## Prompt
The listing is to be transcribed in full, with its images left out.

## Dataset extract
**********

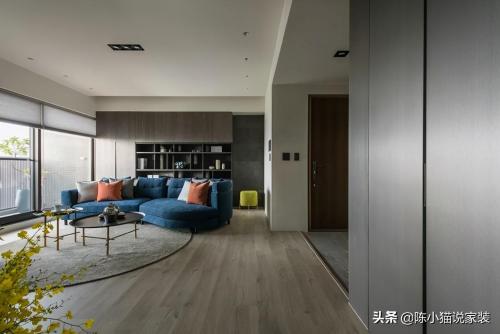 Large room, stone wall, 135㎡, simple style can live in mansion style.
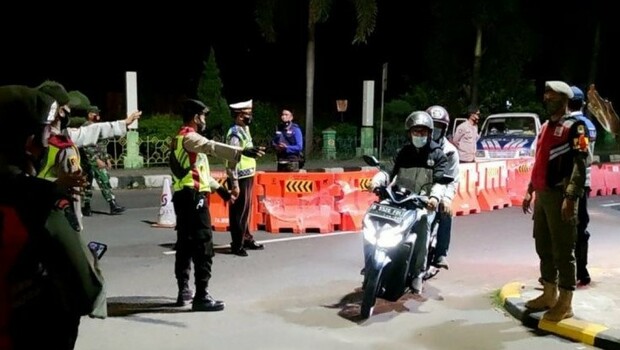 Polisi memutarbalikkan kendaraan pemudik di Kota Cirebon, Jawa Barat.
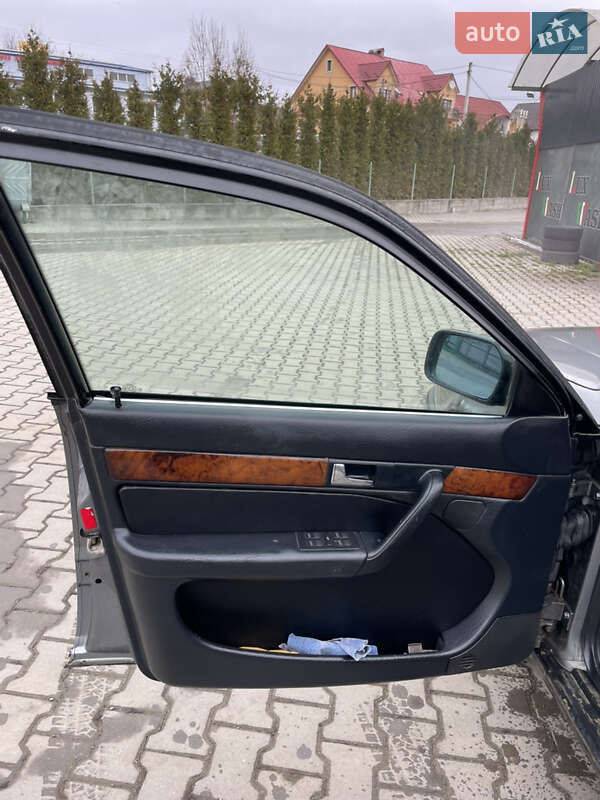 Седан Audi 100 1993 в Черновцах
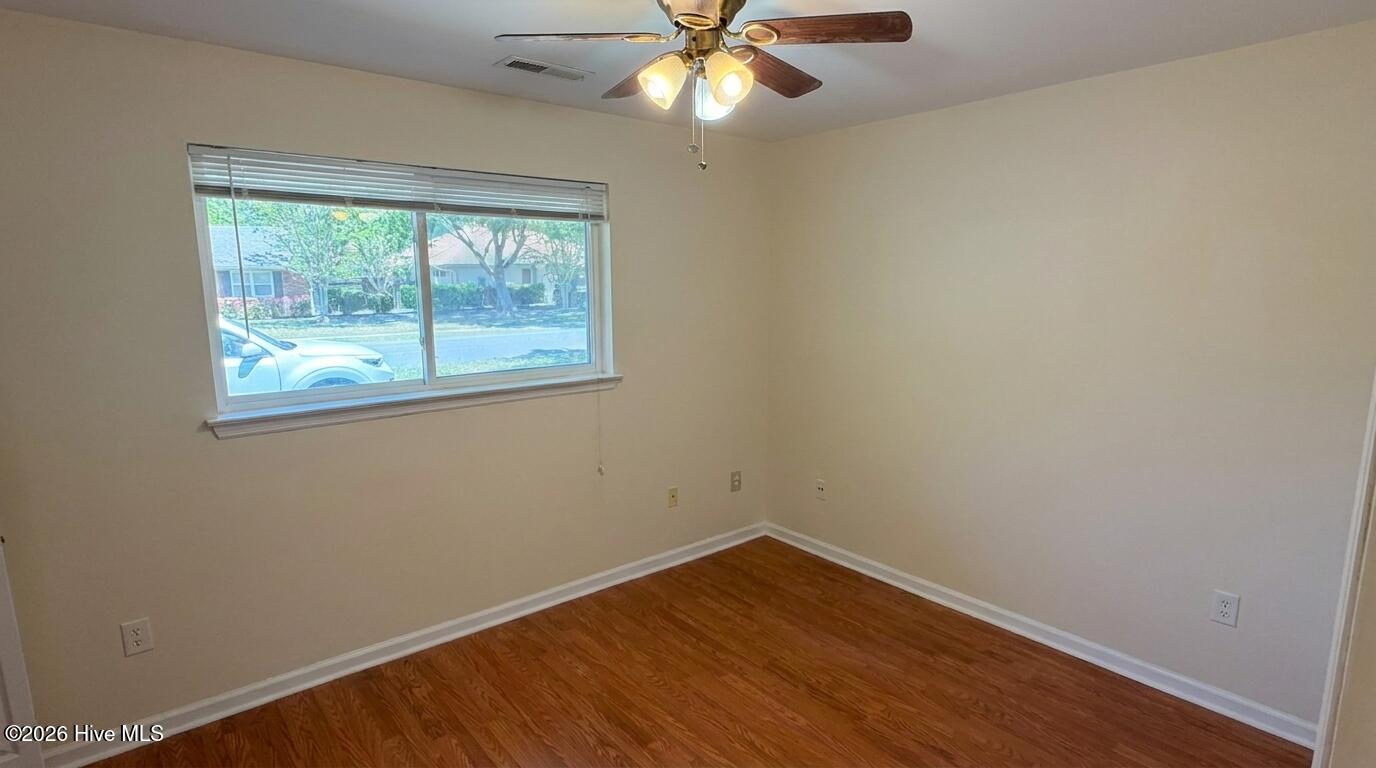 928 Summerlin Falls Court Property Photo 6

**********

## Output for this exercise
 Large room, stone wall, 135㎡, simple style can live in mansion style.
 Polisi memutarbalikkan kendaraan pemudik di Kota Cirebon, Jawa Barat.
 Седан Audi 100 1993 в Черновцах
 928 Summerlin Falls Court Property Photo 6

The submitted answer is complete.